2. Common Law as it Relates to Property Division
When it comes time to divide property, being in a common-law relationship makes things a little more complicated. Property division is dictated not so much by how long you have been living together, but rather by the nature of your relationship – and the mutual investment you each made – while you were cohabiting.
Unlike married couples, for whom the equal-division regime under the Ontario Family Law Act governs, unmarried partners who choose to separate have no equivalent legislation to protect them. So if you were in a common-law relationship that has now ended, you do not have the same rights as married spouses in connection with equally dividing up the property you may own. Instead, you must rely on certain legal tests that the courts will apply to your situation, to try to achieve a fair result.
The first step involves the court looking at whether you and your common-law partner have what is called a “joint family venture” together, meaning one where each of you contributed or worked towards a broader family goal.
To illustrate, let’s say you and your partner established a successful business while you were living together, but it was only made possible because you took on the childcare or household duties that allowed your partner to work long hours. Even though you do not have a legal ownership interest in the business, you may be able to ask the court to compensate you for being unable to work and earn income. The Court can do this by either making a court Order that divides the asset more fairly, or else by awarding you money for your efforts.

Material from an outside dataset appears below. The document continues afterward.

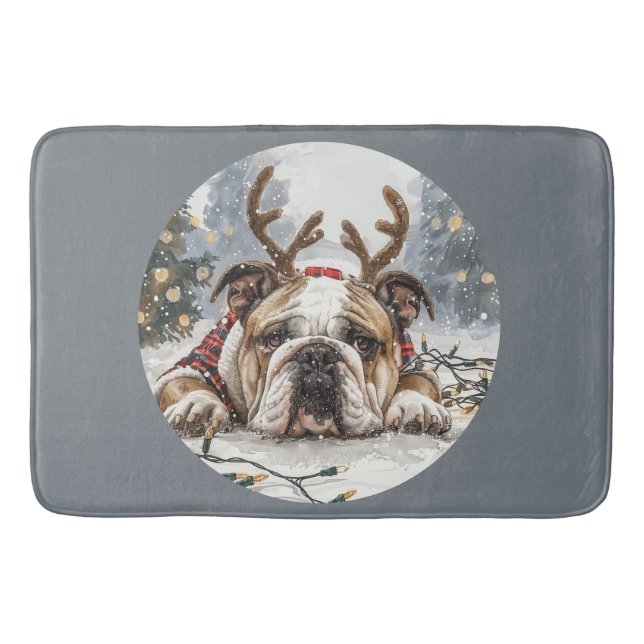 Tapis De Bain Joyeux Noël anglais Bulldog Reindeer (Devant)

To prove that a “joint family venture” existed, you must show:
- Mutual effort. Did you and your partner exert mutual efforts and work collaboratively towards common goals? Did you see your relationship as being equivalent to marriage?

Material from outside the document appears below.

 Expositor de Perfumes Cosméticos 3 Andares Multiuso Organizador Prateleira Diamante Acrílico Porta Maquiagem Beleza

- Intertwined economic interest. Were your economic interests intertwined, or were you economically independent? Did you pool your resources and make joint investments?

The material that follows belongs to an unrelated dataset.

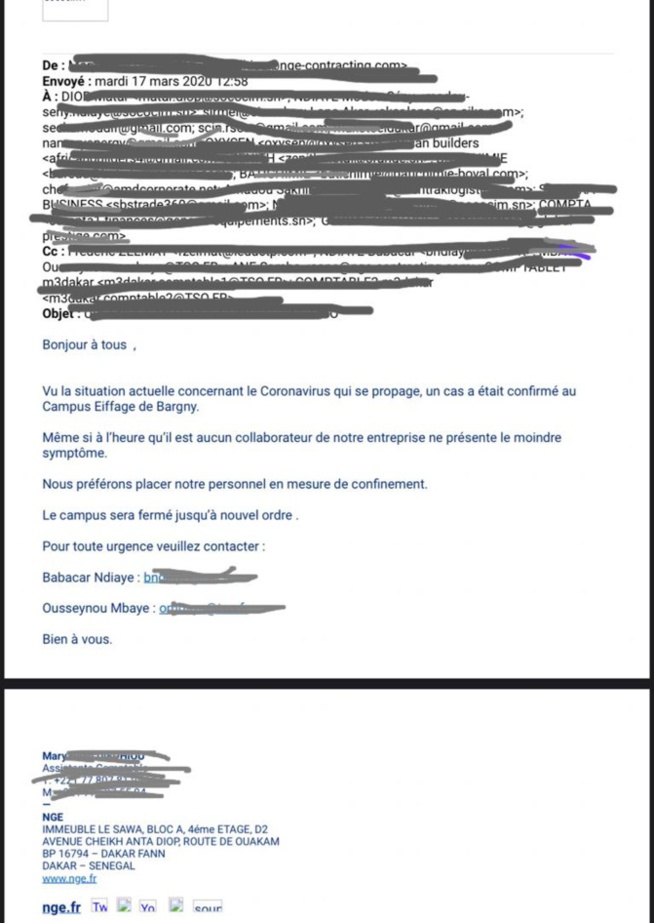 Eiffage Campus Bargny annonce un cas confirmé de Covid-19 et le confinement de son personnel (Mail)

- Did you both intend to participate in a joint family venture? Did you identify yourselves as common-law partners, for example on your income tax returns?
- To what extent was family a priority to each of you, in your decision-making? Did you both make joint decisions, such as changing jobs or moving, for the sake of the family?
Identifying that the business was joint family venture is only the first step. The second one is to satisfy the Court that there was “unjust enrichment” that served to benefit your common-law partner, while operating to your own detriment. You must prove:
- You and your partner were in a “joint family venture” in connection with the business,
- Your contribution to that venture enriched your partner,
- Your contribution gave rise to you suffering a corresponding deprivation,
- There is no legal reason to enrich your spouse (e.g. there is no contract, inheritance or gift that gave rise to the enrichment), and
- Without a court order, your partner would otherwise keep a disproportionate share of the joint family venture’s profits.
If all of those elements have been proven, then the Court may see fit to award you monetary damages, either on a fee-for-service basis, or else by first putting a dollar-value on the joint family venture. Or, if damages are insufficient, the Court may declare that the joint family venture is impressed with what is called a “constructive trust” in your favour.
Generally speaking, the longer your common-law relationship, the more likely you may be able to succeed in establishing a constructive trust; however, this is always decided on a case-by-case basis.
3. The Bottom Line
If you are in a common-law relationship and decide to separate, your legal rights are context-specific, and much less straightforward than if you and your partner were formally married. If you find yourself in this situation, this makes it all the more important for you to get good legal advice.